*Input material*:
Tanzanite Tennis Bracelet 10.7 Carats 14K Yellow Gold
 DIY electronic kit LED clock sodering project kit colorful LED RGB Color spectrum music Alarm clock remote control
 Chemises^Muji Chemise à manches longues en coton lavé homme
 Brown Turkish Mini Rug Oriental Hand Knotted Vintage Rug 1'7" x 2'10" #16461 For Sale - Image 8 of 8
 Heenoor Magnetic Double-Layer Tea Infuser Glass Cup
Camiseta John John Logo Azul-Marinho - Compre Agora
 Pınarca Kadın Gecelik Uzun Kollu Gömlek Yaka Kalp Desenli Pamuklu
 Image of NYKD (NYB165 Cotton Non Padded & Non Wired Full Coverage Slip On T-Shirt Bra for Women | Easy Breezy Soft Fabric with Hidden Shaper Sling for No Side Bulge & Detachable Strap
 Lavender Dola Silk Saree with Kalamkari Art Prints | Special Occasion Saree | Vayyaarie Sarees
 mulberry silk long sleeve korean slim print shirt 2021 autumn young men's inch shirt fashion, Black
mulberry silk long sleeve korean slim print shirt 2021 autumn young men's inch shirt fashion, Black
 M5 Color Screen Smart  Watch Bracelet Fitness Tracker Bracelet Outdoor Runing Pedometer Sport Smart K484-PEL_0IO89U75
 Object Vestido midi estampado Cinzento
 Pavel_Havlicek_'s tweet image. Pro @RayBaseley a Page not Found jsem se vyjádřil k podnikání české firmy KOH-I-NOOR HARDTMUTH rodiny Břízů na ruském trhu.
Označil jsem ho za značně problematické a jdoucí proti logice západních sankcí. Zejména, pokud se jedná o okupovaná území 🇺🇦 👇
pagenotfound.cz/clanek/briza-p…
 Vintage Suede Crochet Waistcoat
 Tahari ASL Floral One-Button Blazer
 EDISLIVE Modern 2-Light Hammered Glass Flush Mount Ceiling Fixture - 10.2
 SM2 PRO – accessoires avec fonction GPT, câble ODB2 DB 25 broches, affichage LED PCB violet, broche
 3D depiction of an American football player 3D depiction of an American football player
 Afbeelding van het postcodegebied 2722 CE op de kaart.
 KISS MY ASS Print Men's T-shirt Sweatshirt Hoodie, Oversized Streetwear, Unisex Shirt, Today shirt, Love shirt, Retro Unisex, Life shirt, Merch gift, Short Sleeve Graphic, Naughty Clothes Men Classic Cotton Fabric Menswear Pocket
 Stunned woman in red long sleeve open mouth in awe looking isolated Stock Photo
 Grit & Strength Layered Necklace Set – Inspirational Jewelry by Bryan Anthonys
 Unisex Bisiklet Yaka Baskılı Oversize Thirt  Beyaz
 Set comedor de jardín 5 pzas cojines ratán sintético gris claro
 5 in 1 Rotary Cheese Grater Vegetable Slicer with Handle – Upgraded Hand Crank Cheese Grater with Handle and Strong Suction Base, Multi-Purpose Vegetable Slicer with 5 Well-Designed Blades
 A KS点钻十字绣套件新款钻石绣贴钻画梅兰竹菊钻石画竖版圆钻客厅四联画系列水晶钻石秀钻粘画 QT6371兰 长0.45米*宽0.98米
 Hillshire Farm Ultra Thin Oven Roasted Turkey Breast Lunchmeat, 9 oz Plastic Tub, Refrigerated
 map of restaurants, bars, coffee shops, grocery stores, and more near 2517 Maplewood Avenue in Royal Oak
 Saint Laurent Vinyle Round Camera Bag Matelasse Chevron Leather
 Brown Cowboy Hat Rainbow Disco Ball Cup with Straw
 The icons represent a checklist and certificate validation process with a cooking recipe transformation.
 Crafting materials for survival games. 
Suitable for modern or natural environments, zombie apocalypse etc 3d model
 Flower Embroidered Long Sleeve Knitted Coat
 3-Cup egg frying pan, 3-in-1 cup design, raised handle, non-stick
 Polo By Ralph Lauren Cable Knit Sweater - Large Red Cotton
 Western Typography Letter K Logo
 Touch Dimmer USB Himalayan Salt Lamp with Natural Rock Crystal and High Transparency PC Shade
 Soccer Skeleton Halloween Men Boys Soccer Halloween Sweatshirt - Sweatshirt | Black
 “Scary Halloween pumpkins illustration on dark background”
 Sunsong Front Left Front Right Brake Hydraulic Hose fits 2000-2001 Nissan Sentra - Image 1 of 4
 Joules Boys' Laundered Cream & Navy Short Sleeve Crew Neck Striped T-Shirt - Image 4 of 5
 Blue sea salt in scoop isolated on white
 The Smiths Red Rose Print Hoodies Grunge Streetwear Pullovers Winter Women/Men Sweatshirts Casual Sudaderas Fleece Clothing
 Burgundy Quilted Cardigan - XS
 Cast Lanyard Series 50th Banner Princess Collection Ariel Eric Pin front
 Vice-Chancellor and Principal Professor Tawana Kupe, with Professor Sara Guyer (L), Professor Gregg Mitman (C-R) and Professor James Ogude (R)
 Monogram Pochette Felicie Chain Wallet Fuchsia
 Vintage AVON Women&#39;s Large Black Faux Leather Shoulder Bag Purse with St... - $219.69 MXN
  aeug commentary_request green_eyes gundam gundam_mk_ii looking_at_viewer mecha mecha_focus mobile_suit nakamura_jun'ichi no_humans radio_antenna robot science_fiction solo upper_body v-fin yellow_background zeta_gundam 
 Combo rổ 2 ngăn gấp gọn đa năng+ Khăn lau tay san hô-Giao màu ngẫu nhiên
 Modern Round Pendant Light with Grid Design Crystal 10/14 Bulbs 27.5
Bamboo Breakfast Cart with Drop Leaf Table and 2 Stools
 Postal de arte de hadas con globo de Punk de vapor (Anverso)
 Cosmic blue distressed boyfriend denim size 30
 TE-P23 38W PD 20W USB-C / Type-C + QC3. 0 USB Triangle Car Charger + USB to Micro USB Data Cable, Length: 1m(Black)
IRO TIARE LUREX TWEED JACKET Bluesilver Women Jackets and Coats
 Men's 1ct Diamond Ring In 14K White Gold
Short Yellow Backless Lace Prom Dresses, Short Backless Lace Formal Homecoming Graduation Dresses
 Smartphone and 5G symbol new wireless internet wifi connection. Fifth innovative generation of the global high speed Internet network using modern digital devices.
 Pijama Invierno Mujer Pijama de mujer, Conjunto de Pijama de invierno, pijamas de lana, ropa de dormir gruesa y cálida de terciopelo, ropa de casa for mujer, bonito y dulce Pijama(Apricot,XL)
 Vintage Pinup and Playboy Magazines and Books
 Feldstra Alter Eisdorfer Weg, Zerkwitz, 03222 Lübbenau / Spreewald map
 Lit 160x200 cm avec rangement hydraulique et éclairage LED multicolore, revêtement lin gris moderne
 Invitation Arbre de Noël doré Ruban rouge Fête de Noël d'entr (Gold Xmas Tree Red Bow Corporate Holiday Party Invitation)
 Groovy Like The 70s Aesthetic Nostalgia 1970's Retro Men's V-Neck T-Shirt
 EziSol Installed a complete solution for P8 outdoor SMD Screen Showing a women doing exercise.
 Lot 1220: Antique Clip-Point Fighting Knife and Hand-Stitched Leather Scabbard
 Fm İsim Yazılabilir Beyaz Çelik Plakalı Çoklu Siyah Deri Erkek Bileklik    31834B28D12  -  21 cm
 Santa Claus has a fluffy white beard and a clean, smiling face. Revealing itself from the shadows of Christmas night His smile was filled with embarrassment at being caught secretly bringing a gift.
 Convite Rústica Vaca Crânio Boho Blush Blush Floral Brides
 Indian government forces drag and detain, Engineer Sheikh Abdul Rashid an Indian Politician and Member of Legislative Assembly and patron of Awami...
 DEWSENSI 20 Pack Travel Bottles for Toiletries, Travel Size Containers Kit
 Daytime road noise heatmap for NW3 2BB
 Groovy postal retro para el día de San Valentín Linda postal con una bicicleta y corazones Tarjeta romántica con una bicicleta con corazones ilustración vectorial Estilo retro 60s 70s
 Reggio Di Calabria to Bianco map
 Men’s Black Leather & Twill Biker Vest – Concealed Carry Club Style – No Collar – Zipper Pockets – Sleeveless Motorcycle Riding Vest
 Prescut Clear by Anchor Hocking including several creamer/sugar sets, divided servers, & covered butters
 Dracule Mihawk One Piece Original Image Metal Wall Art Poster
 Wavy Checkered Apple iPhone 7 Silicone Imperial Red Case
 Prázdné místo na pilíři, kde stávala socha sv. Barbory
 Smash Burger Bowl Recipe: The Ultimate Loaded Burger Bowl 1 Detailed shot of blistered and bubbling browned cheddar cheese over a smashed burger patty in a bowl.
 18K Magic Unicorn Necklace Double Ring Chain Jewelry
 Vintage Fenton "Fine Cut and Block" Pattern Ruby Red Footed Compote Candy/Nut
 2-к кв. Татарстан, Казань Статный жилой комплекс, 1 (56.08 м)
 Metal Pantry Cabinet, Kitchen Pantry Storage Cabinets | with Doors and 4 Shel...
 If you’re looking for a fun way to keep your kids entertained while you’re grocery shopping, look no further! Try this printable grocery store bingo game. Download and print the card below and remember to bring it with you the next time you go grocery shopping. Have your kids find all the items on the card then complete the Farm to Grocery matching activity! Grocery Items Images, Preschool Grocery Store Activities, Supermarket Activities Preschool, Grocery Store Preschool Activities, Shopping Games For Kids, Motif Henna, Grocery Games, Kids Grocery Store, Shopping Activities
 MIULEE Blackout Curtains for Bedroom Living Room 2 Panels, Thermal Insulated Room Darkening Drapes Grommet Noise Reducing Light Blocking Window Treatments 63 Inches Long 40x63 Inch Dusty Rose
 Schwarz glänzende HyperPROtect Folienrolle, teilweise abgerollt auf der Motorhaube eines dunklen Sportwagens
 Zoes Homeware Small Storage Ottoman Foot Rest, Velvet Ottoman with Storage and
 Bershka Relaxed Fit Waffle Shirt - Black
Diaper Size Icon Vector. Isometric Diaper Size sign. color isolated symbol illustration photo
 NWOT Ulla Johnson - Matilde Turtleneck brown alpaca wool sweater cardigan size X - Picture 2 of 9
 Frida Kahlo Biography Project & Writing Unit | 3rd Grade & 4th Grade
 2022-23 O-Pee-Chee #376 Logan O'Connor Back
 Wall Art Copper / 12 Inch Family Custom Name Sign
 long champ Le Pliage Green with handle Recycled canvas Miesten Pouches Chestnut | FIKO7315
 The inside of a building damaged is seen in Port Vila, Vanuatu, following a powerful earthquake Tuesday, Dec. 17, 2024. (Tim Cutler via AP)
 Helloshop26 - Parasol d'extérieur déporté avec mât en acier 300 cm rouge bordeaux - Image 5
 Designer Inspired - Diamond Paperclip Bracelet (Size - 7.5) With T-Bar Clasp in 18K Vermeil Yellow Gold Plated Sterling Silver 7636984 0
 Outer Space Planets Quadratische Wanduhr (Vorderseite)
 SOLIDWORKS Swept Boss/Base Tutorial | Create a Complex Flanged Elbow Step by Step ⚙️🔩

*Problem description*:
As listed above, the lines from the line with "Joules Boys' Laundered" to the line with "Monogram Pochette Felicie" are to be echoed exactly, with both ends included and nothing added.

*Response*:
 Joules Boys' Laundered Cream & Navy Short Sleeve Crew Neck Striped T-Shirt - Image 4 of 5
 Blue sea salt in scoop isolated on white
 The Smiths Red Rose Print Hoodies Grunge Streetwear Pullovers Winter Women/Men Sweatshirts Casual Sudaderas Fleece Clothing
 Burgundy Quilted Cardigan - XS
 Cast Lanyard Series 50th Banner Princess Collection Ariel Eric Pin front
 Vice-Chancellor and Principal Professor Tawana Kupe, with Professor Sara Guyer (L), Professor Gregg Mitman (C-R) and Professor James Ogude (R)
 Monogram Pochette Felicie Chain Wallet Fuchsia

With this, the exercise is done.